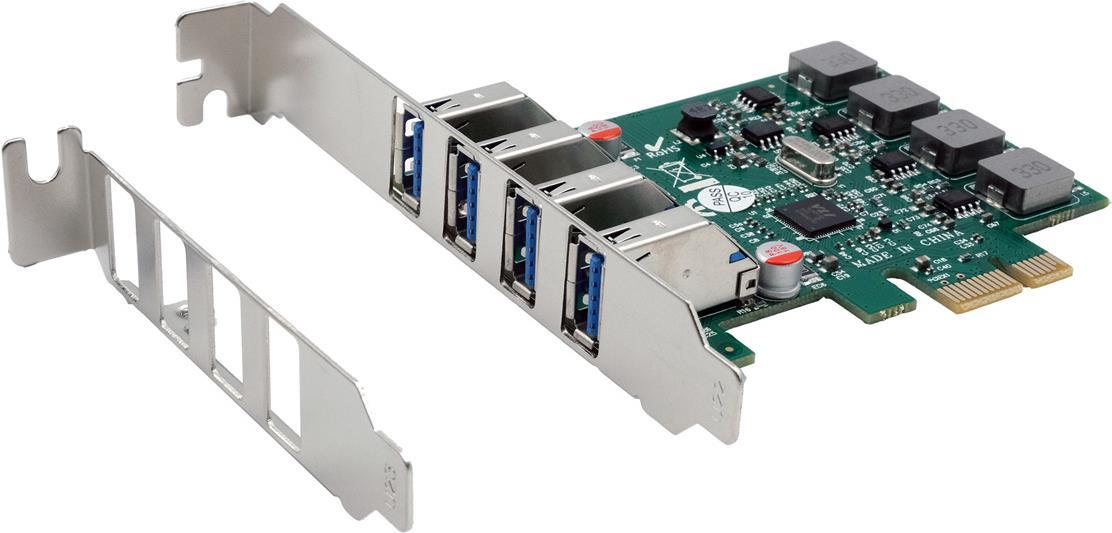 Scheda PCI-E USB 3.2 Gen 1 + 4 porte incl. staffa LowProfile, 4 porte esterne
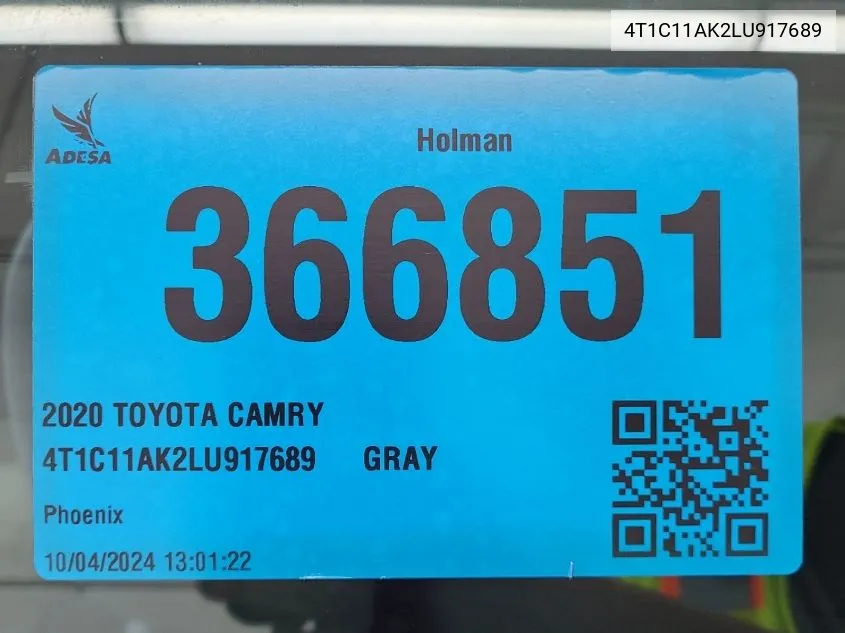 4T1C11AK2LU917689 2020 Toyota Camry Le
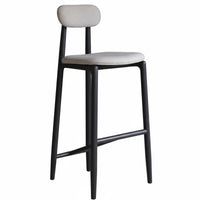 utilitarian aesthetic Wooden Seat Counter Stool Light Luxury Bar Chair Nordic Design Seating Furniture with Footrest for Cafe Owners, Homeowners, Adults, Reception Desk, Restaurant, Kitchen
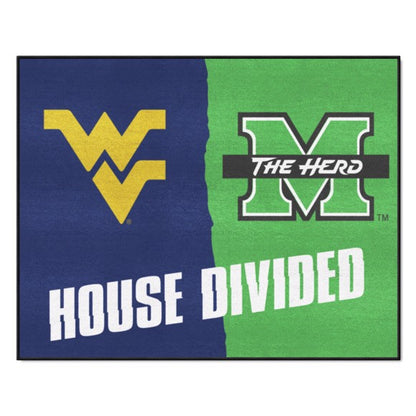 House Divided -West Virginia Mountaineers / Marshal Thundering Herd Mat / Rug by Fanmats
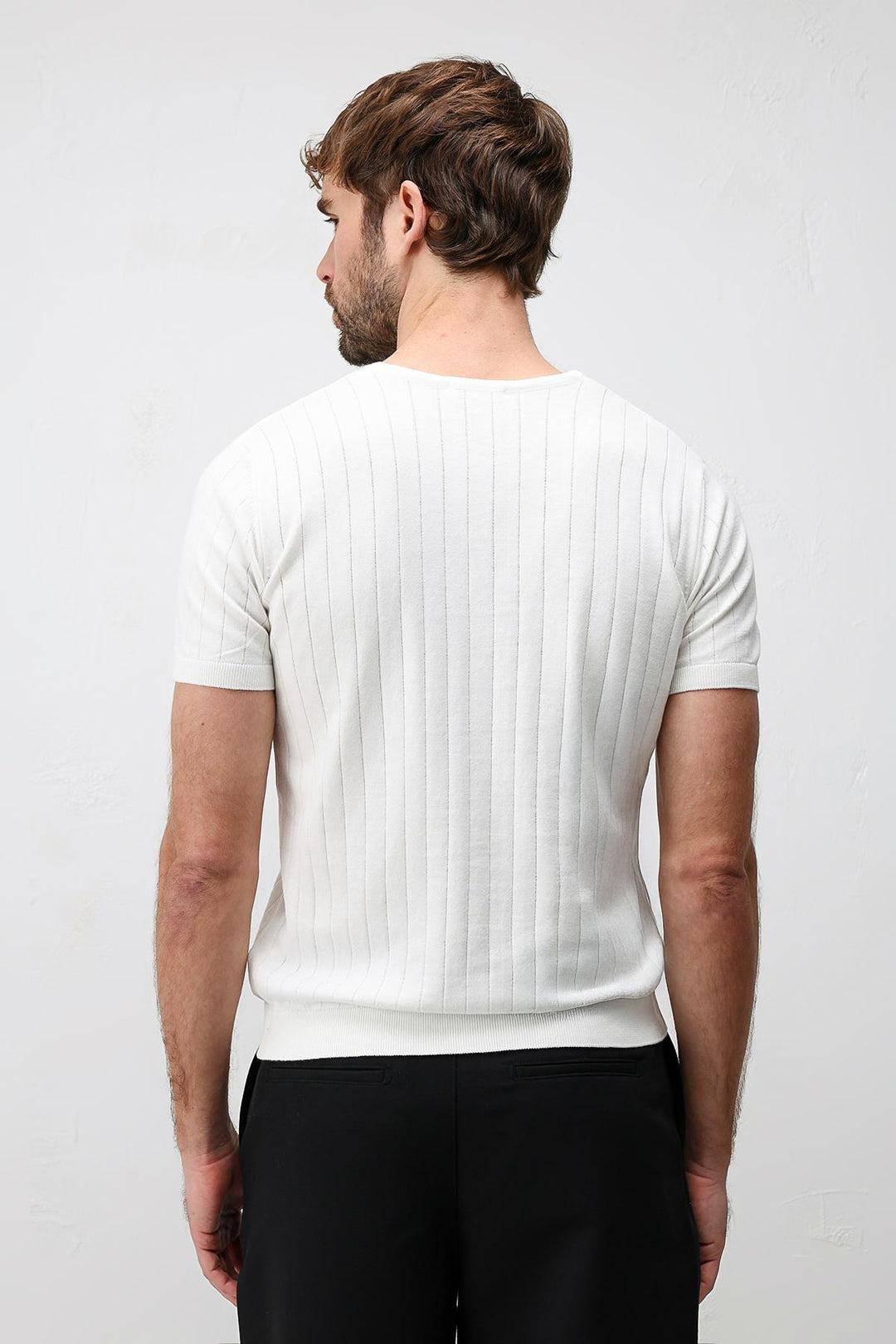 ANT Antioch Ekru Dokulu Erkek Triko T-Shirt - Newport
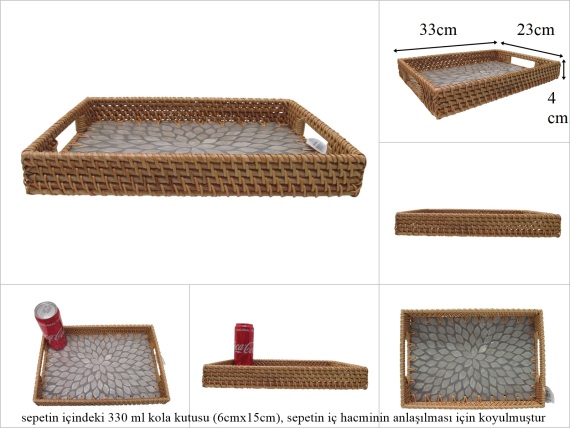 sd53726 rattan çerçeveli sedef tabanlı no1 desenli dikdörtgen tepsi - 1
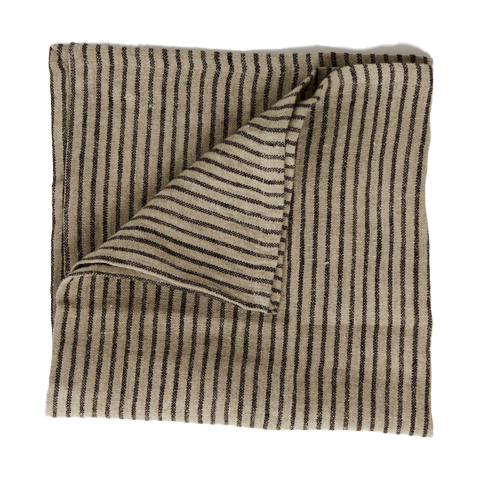 Olsson & Jensen Stripe linen napkin 45x45 cm Black Sand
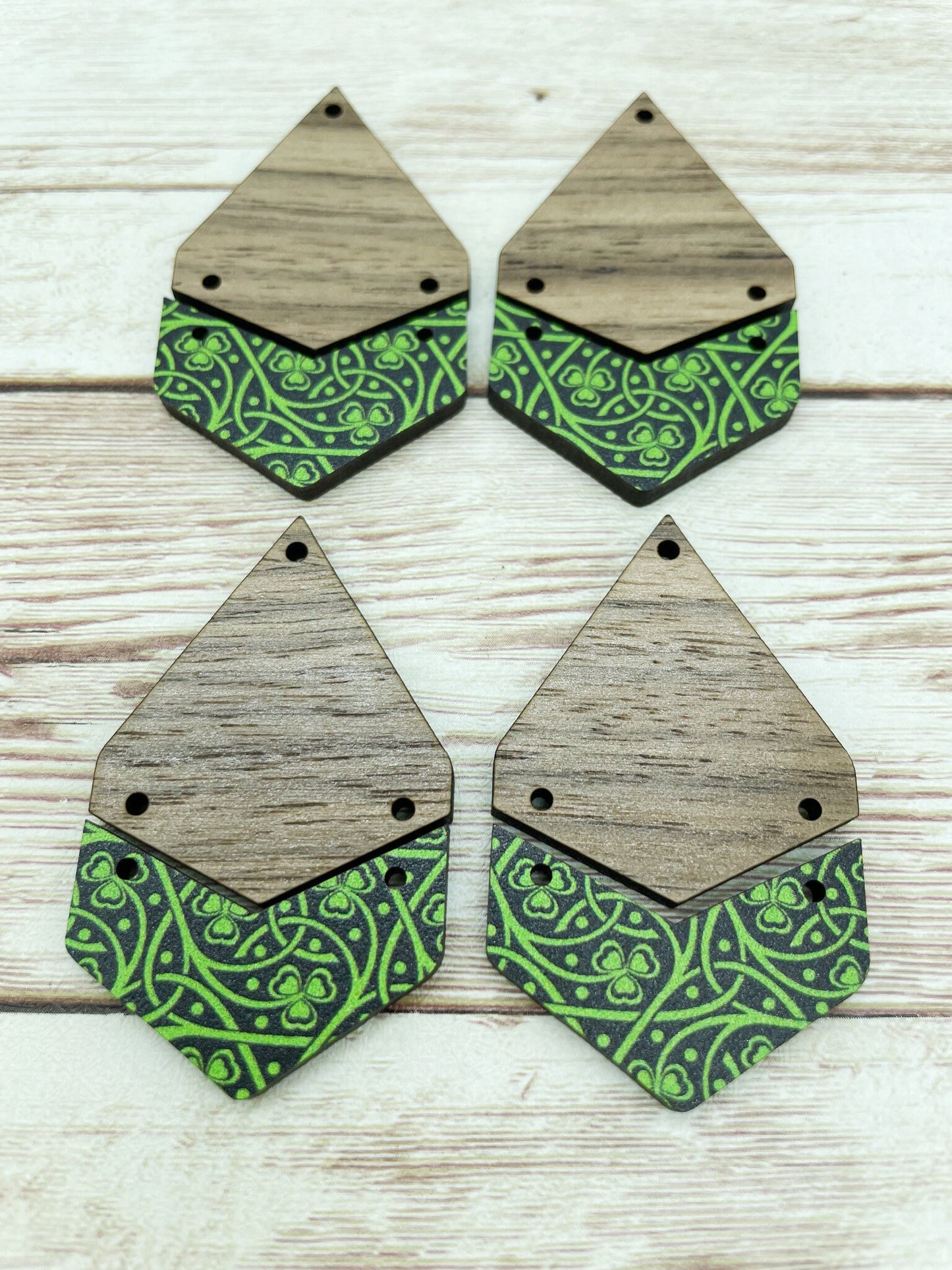 Patterned Celtic Shamrock Print Wood and Walnut Teardrop Set Earring Blanks, DIY Jewelry Making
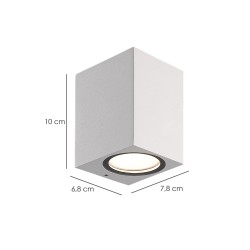 Lampara Aplique Cuadrado GU10 IP65 Color Blanco Aplique Techo, Luz Jardín, Lámpara Jardín, Luz Exterior, Aplique Jardín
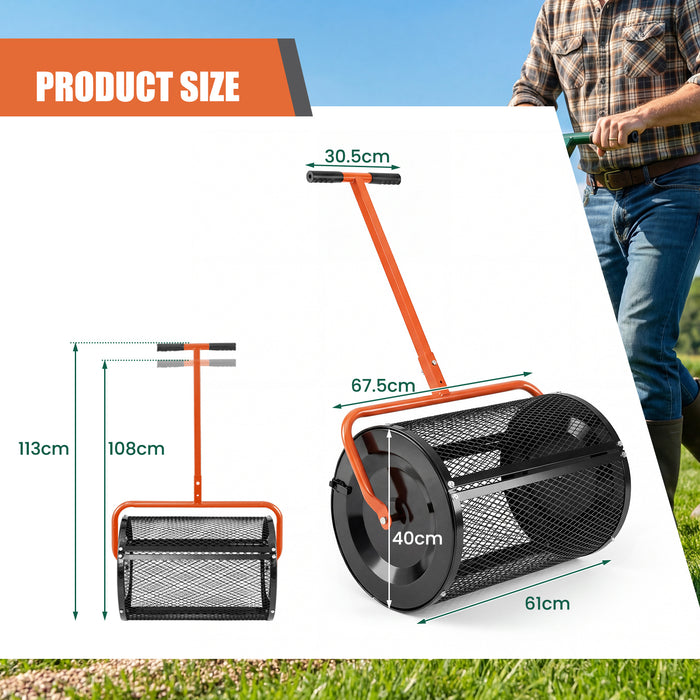 Compost Spreader 61cm Peat Moss Spreader Roller with Height-adjustable T-shape Handle-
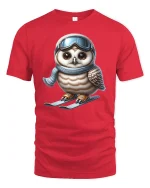 Funny Ski Owl Winter Sport Graphic Tee Unisex - red t-shirt on white background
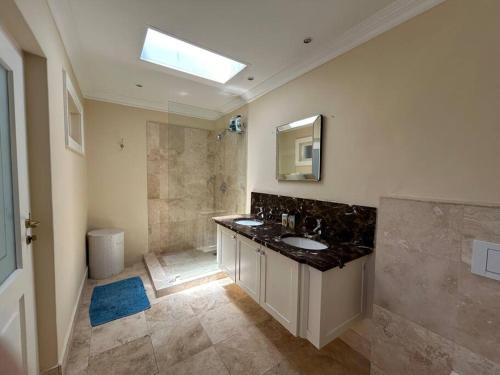开普敦The Yellow House的大型浴室设有水槽和淋浴。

> **Goal of the exercise**: From the data above, retype only the lines starting with the line with "4T1C11AK2LU917689 2020 Toyota Camry Le" and going on through the line with "Patterned Celtic Shamrock", exactly, leaving out the pictures.

> **Result**:
 4T1C11AK2LU917689 2020 Toyota Camry Le
 utilitarian aesthetic Wooden Seat Counter Stool Light Luxury Bar Chair Nordic Design Seating Furniture with Footrest for Cafe Owners, Homeowners, Adults, Reception Desk, Restaurant, Kitchen
 House Divided -West Virginia Mountaineers / Marshal Thundering Herd Mat / Rug by Fanmats
 ANT Antioch Ekru Dokulu Erkek Triko T-Shirt - Newport
 sd53726 rattan çerçeveli sedef tabanlı no1 desenli dikdörtgen tepsi - 1
 Olsson & Jensen Stripe linen napkin 45x45 cm Black Sand
 Patterned Celtic Shamrock Print Wood and Walnut Teardrop Set Earring Blanks, DIY Jewelry Making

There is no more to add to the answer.